The draft then allowed Koos to slide into first on the descent, where Flora said that he felt awkward transitioning out of his tuck.
“It’s just a weakness,” he said.
That left Koos at the front, with Hamilton along for the ride just behind, and the two of them opened up the throttle for a
blistering close to the race. That was the kind of challenge Koos was looking for.
“I wanted to try to win a race when it was coming like that, in the last hundred,” he said. “I wanted to have that feeling of somebody coming up on my side, and being able to respond to it. It’s a good feeling.”
Koos appeared to benefit slightly by forcing Hamilton to the far left lane, which the USST member said left things a little scrambled.
“But he got me by a couple of feet, so I don’t know if it made that much of a difference,” Hamilton said.
After struggling to overcome a case of the flu he picked up on his way to Maine, a crestfallen Hamilton said that he wasn’t at his best on Saturday. But he also said that he was glad for the chance to ski three rounds.
“[I] don’t really get that opportunity on the World Cup, or haven’t gotten it, really, yet,” he said. “So it was nice to get some practice, skiing in some traffic.”
Hamilton now heads home to Aspen for three weeks of training, before flying back to Europe with the U.S. Ski Team to compete in domestic races in Norway.
He’s currently ranked 51st in the World Cup sprint ranking—one spot away from a top-50 position that would automatically qualify him for the American squad for World Championships.

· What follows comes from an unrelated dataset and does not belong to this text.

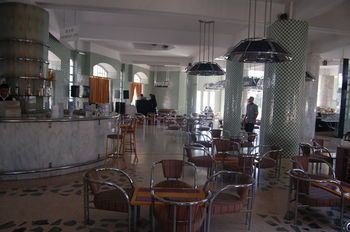 Hotel Bar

He’ll have to wait until the USST announces its discretionary selections later this month to find out if he has been named.

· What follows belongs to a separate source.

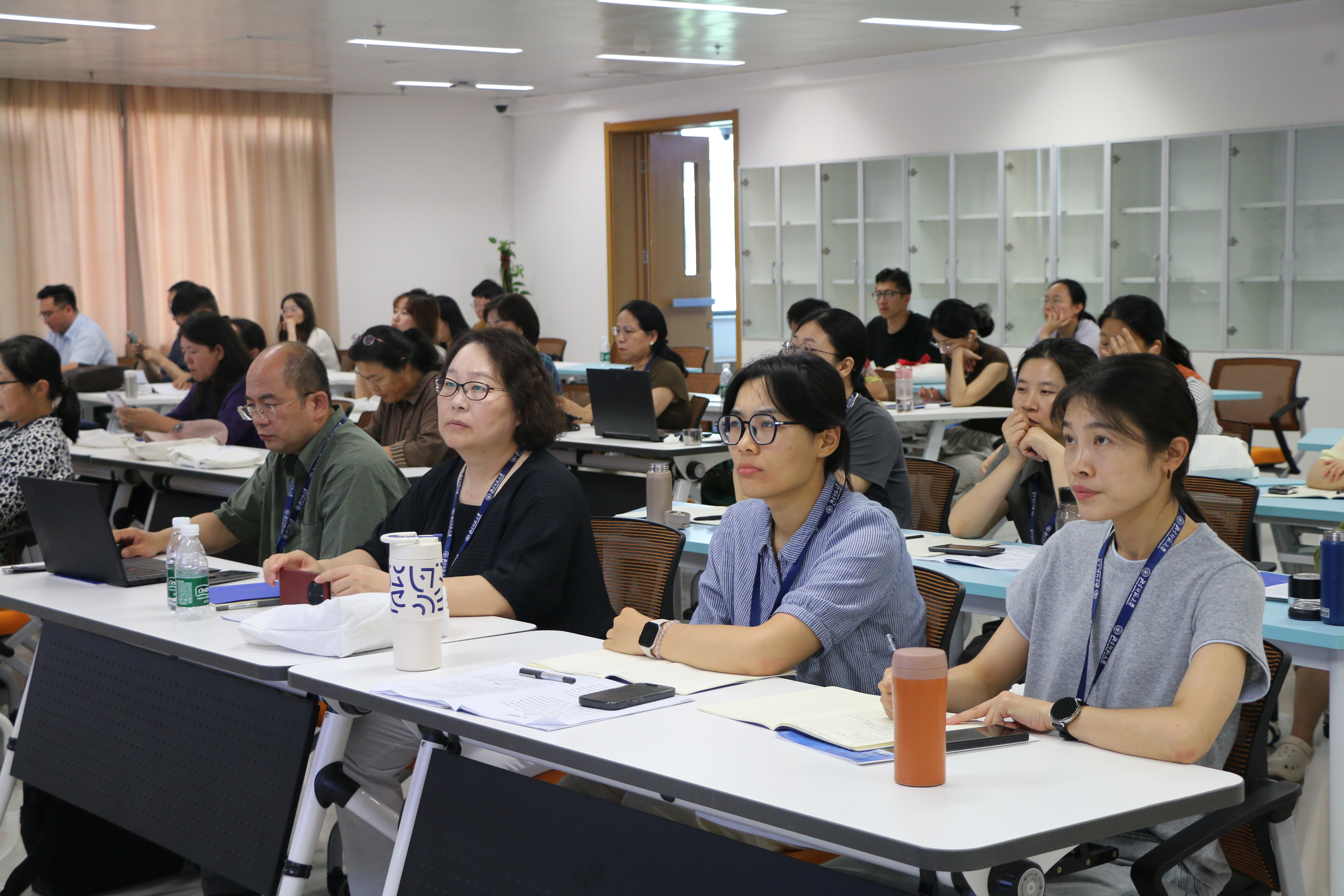 图1会议现场.JPG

Koos doesn’t have the World Cup ranking to qualify for the team, either, but thanks to his third-place position on the U.S.’s national ranking list—which is used as a secondary set of guidelines for selection—he should be assured of a spot.

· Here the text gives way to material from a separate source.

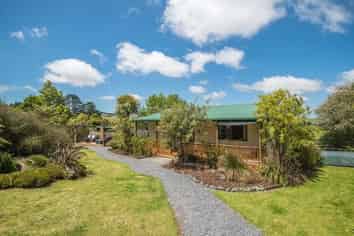 Cottage/129 Ara-Kotinga, Whitford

According to his coach, Scott Johnston, Koos will fly to Europe on Tuesday. He’ll spend few weeks in Davos, Switzerland, with his girlfriend Bettina Gruber, a Swiss skier, before racing at the Norwegian national championships at the end of the month.
There, he’ll compete with a club he connected with in the fall, Team Susjoen, before traveling to more races in advance of World Championships.
With Johnston as his coach, Koos said, his current structure is “obviously working.”
Noting that his sixth-place finish in Wednesday’s 15 k classic was hampered by bad skis, Koos said that he’s “in the conversation to, I think, win most any domestic race.”
“[Johnston] is the best technical coach I’ve ever worked with, bar none,” Koos said. “And I also believe…probably the best coach for working on physiology, as well. So, we have some things going really well in our direction.”